We’re all better informed than ever before, and our access to information is easier than ever before, with the internet, Facebook, radio, TV, newspapers, free newspapers and apps all fighting for our attention.

Meanwhile, the big media corporations are fighting a life-or-death struggle precisely because we have access to everything everywhere.

This is the theme of a new report from the Reuters Institute for the Study of Journalism at Oxford University, authored by Rasmus Kleis Nielsen, an assistant professor of communication at Roskilde University, Denmark.

TV viewers are dropping out: although newspapers are experiencing a steady drop in reader figures, things are far worse for the major TV stations, which have really started losing ground in recent years. (Photo: Colourbox)

In the report Ten Years that Shook the Media World, Nielsen looks at the development in eight countries in the period 2000-2009.

The report says that many media users’ habits are still dominated by ‘old’ media such as linear TV, FM radio and newspapers. And although advertising revenues are making their way onto digital platforms like web and mobile, the advertising share for these platforms is still disproportionate to the media consumption they actually represent.

This means that the advertising revenue and the reader figures that used to finance a team of journalists is no longer present to the same extent. Instead, the advertisers have moved over to Google and Facebook, and newspapers have ended up in a death spiral, where they either give away their journalism free of charge online or are only read by a dying segment of subscribers.

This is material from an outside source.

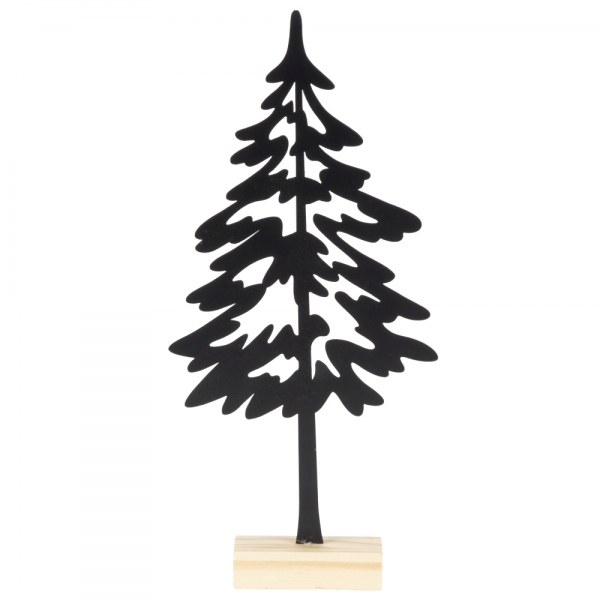 Deko Metall Tannenbaum in Schwarz auf Holzsockel, 31 cm.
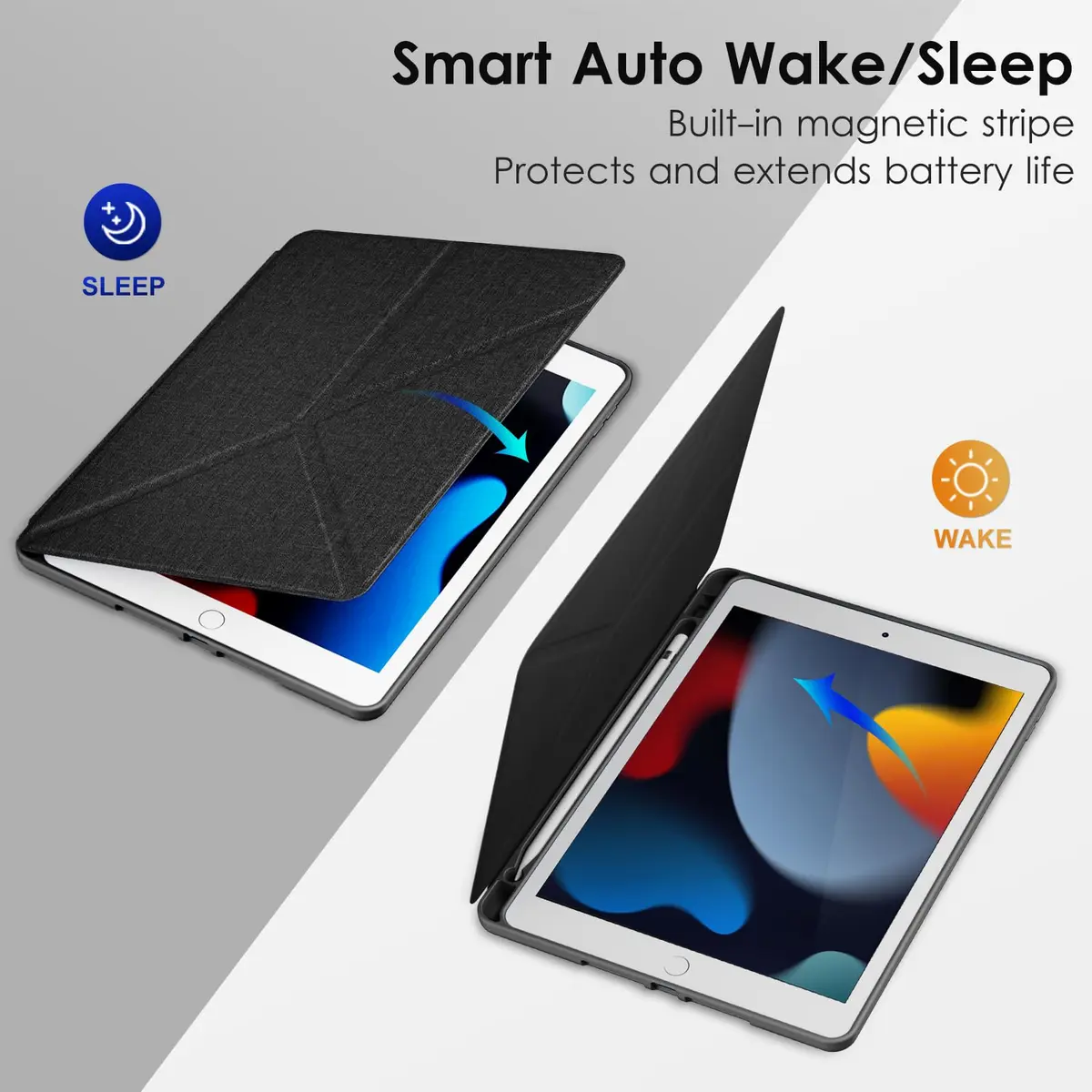 DTTO Foldable Case for iPad 9th/8th/7th Gen 10.2-inch | Auto Wake/Sleep, Pencil Holder, Fabric Texture (70-120c) - view 5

“This is serious,” says Nielsen, “because a vast majority of the journalism we see on television, read online or hear on the radio stems from newspapers.”

A democratic problem

Newspapers have previously been and may also in the future be run on a slighter scale than has been the norm in certain parts of the Western world.

Rasmus Kleis Nielsen

The researcher sees this as a democratic problem, because regardless of how little faith you have in journalists, and no matter how lame many people find online news stories, it’s still the journalists who are responsible for a high public level of information and for ensuring that those in power don’t get away with just anything.

“When the news media live up their role in a democracy, they empower the public by keeping them informed about public affairs,” he says.

“When something like the 9/11 attacks takes place, the journalists are the first ones to answer and publish the questions who, what, where and when.

“And when something seemingly trivial but potentially important takes place in city councils, boards, unions or elsewhere, it’s the journalists who have a professional interest in listening to the parties and sometimes reporting issues of public interest to a much larger audience.”

Don’t just blame the internet

Although things have been hard up to now, we’re only beginning to see the full implications that the new digital technologies have on our media image.

Rasmus Kleis Nielsen

Although the internet has played a major part in this development, it is far from the only reason for the newspaper downturn.

Since World War II, newspapers in England, France and the US have seen a drop in circulation. And since the 1980s, newspapers in Finland, Germany and Italy have also experienced declining circulation figures.

Up to the year 2000, the annual drop was around 5-10 percent. After 2000, when the internet had become public property, the drop accelerated to 10-20 percent. So the decline had already started before the world went online.

From 2000 to 2009, the proportion of Americans who went online increased from 43 to 75 percent. In the same period, US newspapers saw a 25-percent drop in circulation figures, the newspaper industry’s total revenue fell by 36 percent and journalistic staff was reduced by 17 percent.

But it wasn’t only the spread of the internet that characterised this period. It was also marked by two major financial crises, first the dot.com crash and then the current financial crisis – along with an intensified struggle for the readers’ attention.

India, for instance, had five TV channels in 2000; today it has more than 700. The major TV stations have also experienced falling ratings in this period. In fact, the drop in TV audiences is far greater than the drop in newspaper readers. The three biggest TV stations in the US lost 33 percent of their viewers in this period; in England this figure is 30 percent and in Finland and France it was 25 percent.

It is, however, still possible to reach a mass audience. Events such as 9/11 and the opening of the Beijing Olympics in 2008 gathered huge audiences.

Better when combined

Things look a bit better if we look at the total share of readers and viewers. In 2010, the BBC reached 81 percent of the British population via TV, radio and the internet.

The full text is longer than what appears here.